WHAT TO DO:
For every line in the material, output its text exactly and exclude any image it holds.

SUPPLIED MATERIAL: Begin

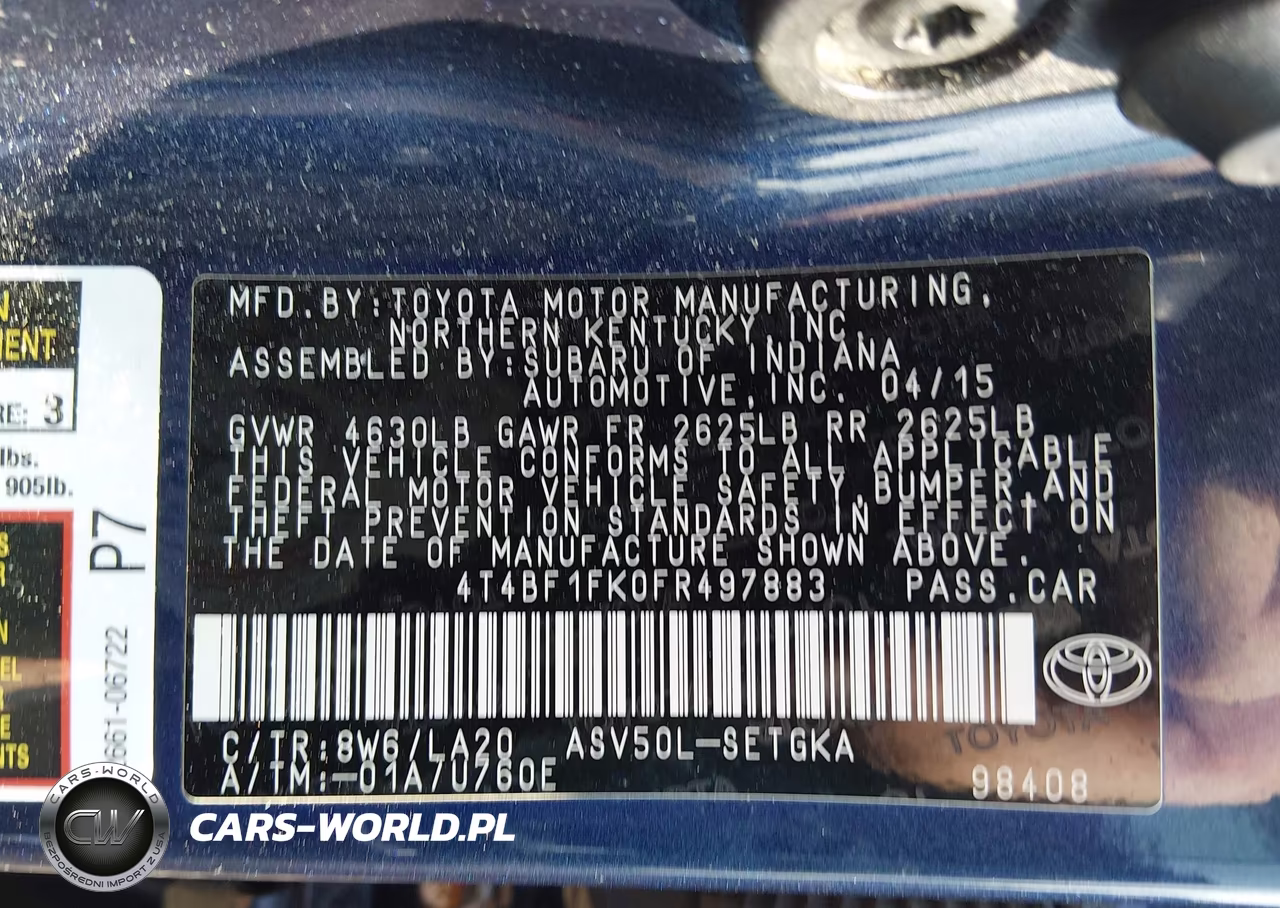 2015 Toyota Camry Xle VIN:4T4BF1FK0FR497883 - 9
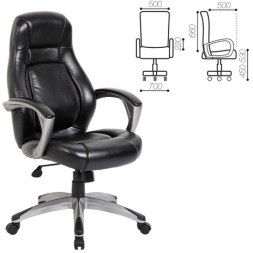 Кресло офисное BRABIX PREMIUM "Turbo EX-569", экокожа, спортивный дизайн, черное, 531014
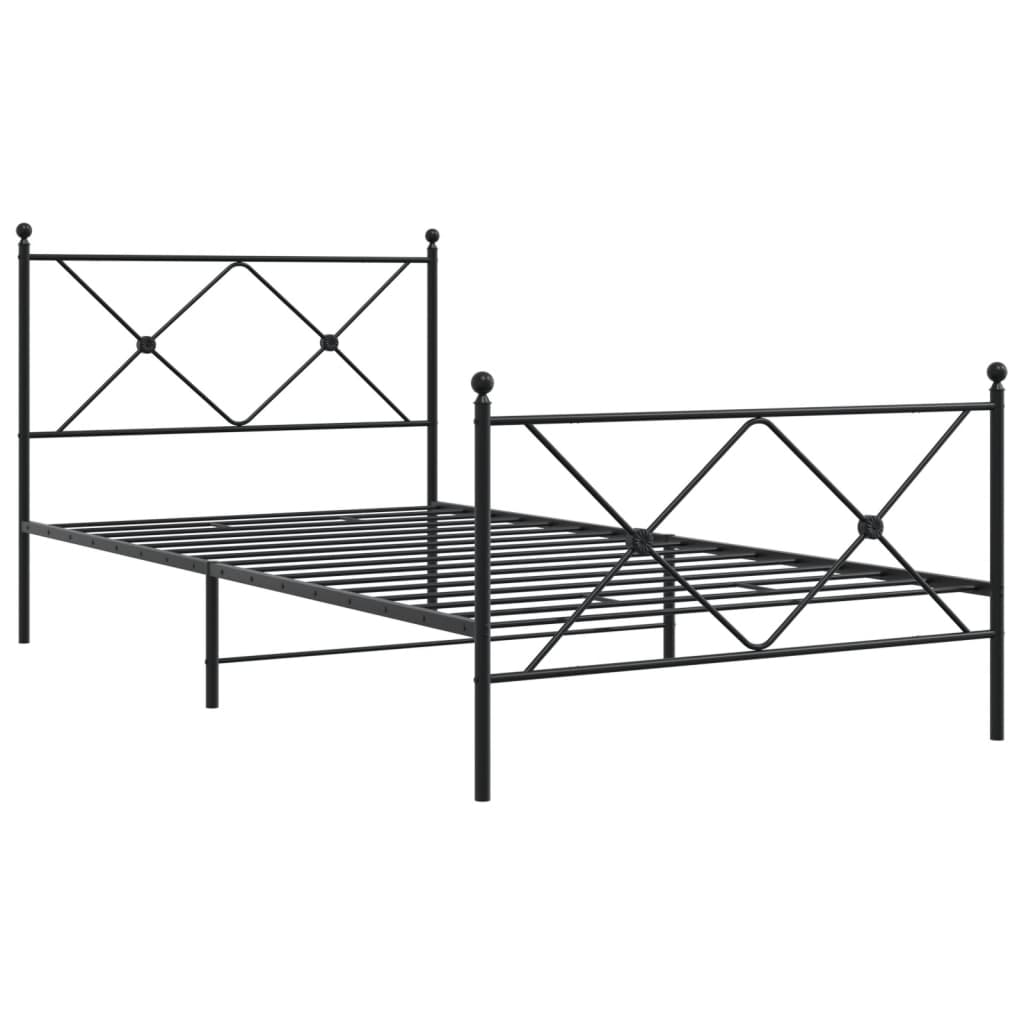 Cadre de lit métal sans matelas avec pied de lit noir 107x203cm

SUPPLIED MATERIAL: End

WRITTEN SOLUTION:
 2015 Toyota Camry Xle VIN:4T4BF1FK0FR497883 - 9
 Кресло офисное BRABIX PREMIUM "Turbo EX-569", экокожа, спортивный дизайн, черное, 531014
 Cadre de lit métal sans matelas avec pied de lit noir 107x203cm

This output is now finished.